Hapless but Not Quite Hopeless

Jay Kelley bought into a season-ticket package for the Cleveland Cavaliers nearly a decade ago. He kept his fingers crossed that everything would fall into place for a star-crossed franchise. His commitment paid dividends when the Cavaliers drafted LeBron James, the local phenom, who restored the franchise to relevancy. Cavaliers

Now, Kelley is mulling whether to commit for another season.

Tony Houston bought into a season package three years ago, after the Cavaliers lost in the N.B.A. finals. During the height of James’s tenure, thoughts of a championship seemed not only probable, but likely.

Now, Houston is mulling whether to commit for another season.

On Friday, the Cavaliers ended a skid of 26 losses with an overtime victory over the Los Angeles Clippers.
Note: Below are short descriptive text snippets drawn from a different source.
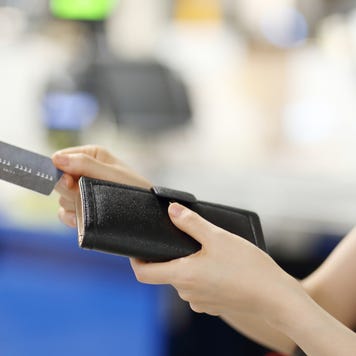 A woman holding a wallet and a credit card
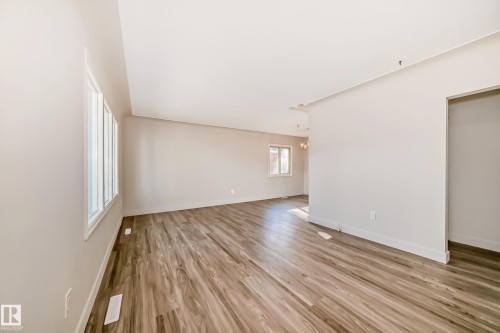 Spacious interior featuring wood-finish flooring, neutral wall tones, and multiple windows for natural light - 13124 83 Street, Edmonton, AB - Indoor Photo Showing Other Room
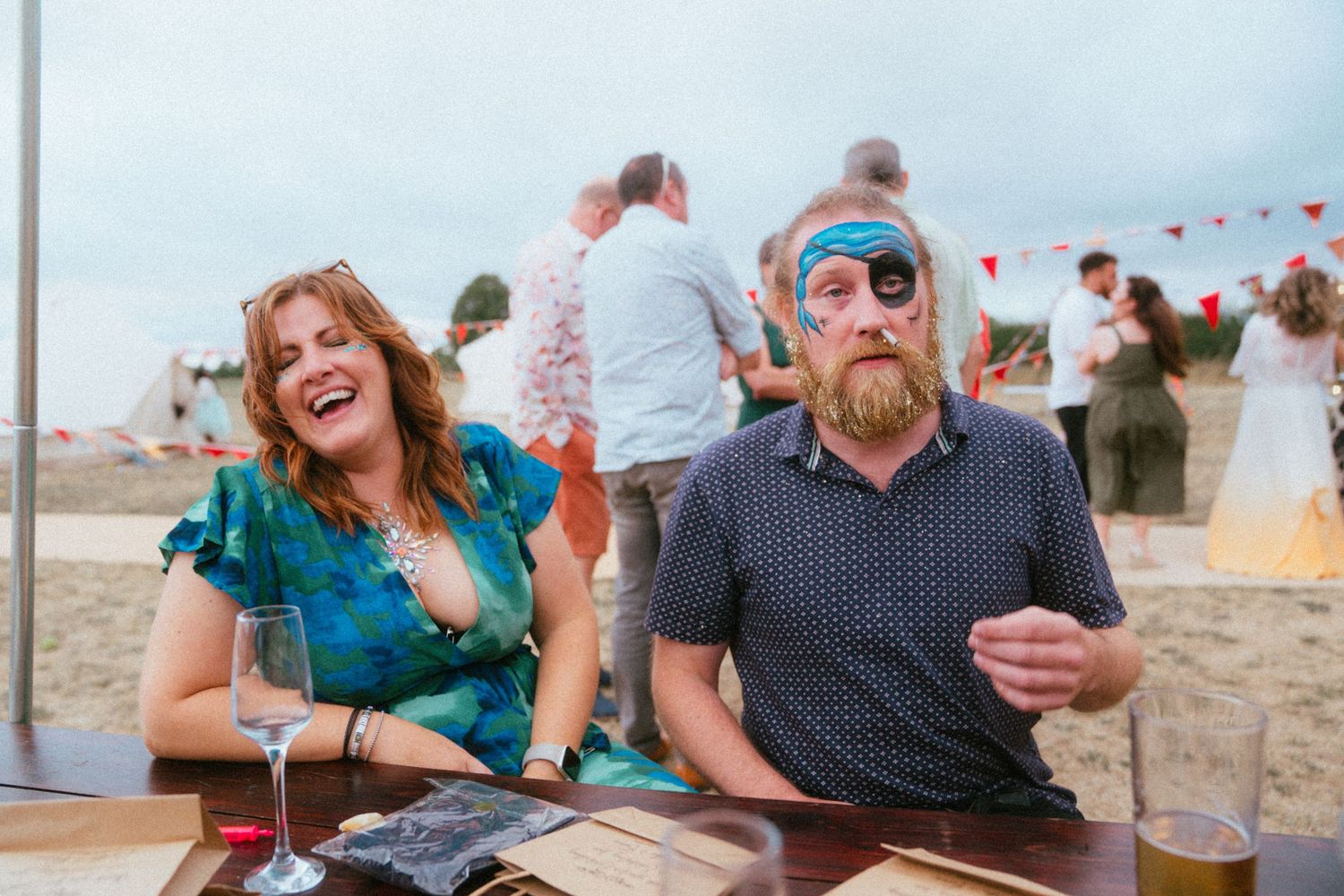 Laughing woman in teal dress sits beside bearded man wearing pirate eye patch at outdoor beach wedding reception.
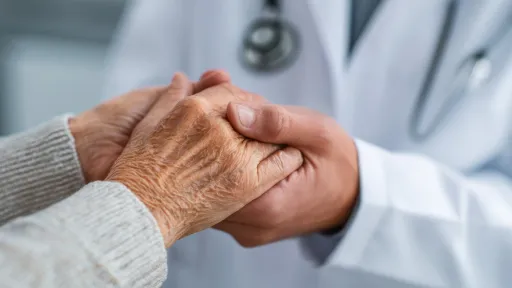 Provider holding patient's hand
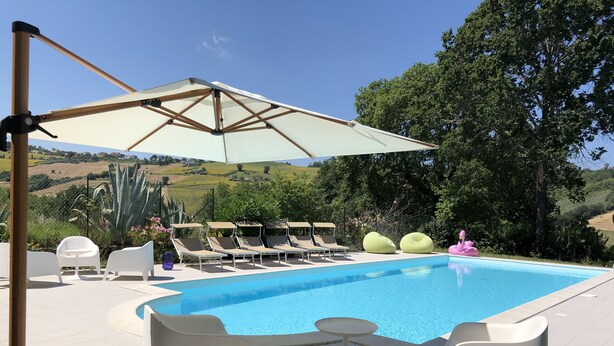 A swimming pool with lounge chairs and a canopy, surrounded by greenery and hills. - Very private, spacious, rural, detached villa with a pool, nestled between the sea and the mountains (Monte San Pietrangeli)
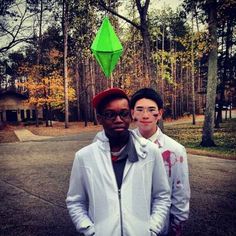 two young men standing next to each other in front of trees and a green kite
They had matched the Tampa Bay Buccaneers, who lost 26 games in row from September 1976 to December 1977, for the worst losing streak among the four major professional sports.

After being the No. 1 seed in last season’s playoffs, the Cavaliers are the N.B.A.’s worst team, at 9-45. No team has ever gone from the N.B.A.’s best record one season to the worst the next. They lost 36 times in 37 games, by margins as slim as 1 point and as vast as 55.

Since James’s departure, there is no one perfect way to view the Cavaliers, the growing piles of losses or one’s commitment to the team. There are only ways to measure varying levels of frustration, disappointment, acceptance, resilience and hope.

“We’re already talking about Ping-Pong balls again in Cleveland, the eternal optimists,” said Kelley, a lawyer, referring to the draft lottery.

Sounding like an N.B.A. general manager, he called for changes to the league’s labor agreement that would increase competitiveness among all teams. Houston is not so optimistic. In the fourth quarter of James’s return here with the Miami Heat on Dec. 2, with the Cavaliers trailing by 95-65, Houston tapped his father on the shoulder and they left Quicken Loans Arena.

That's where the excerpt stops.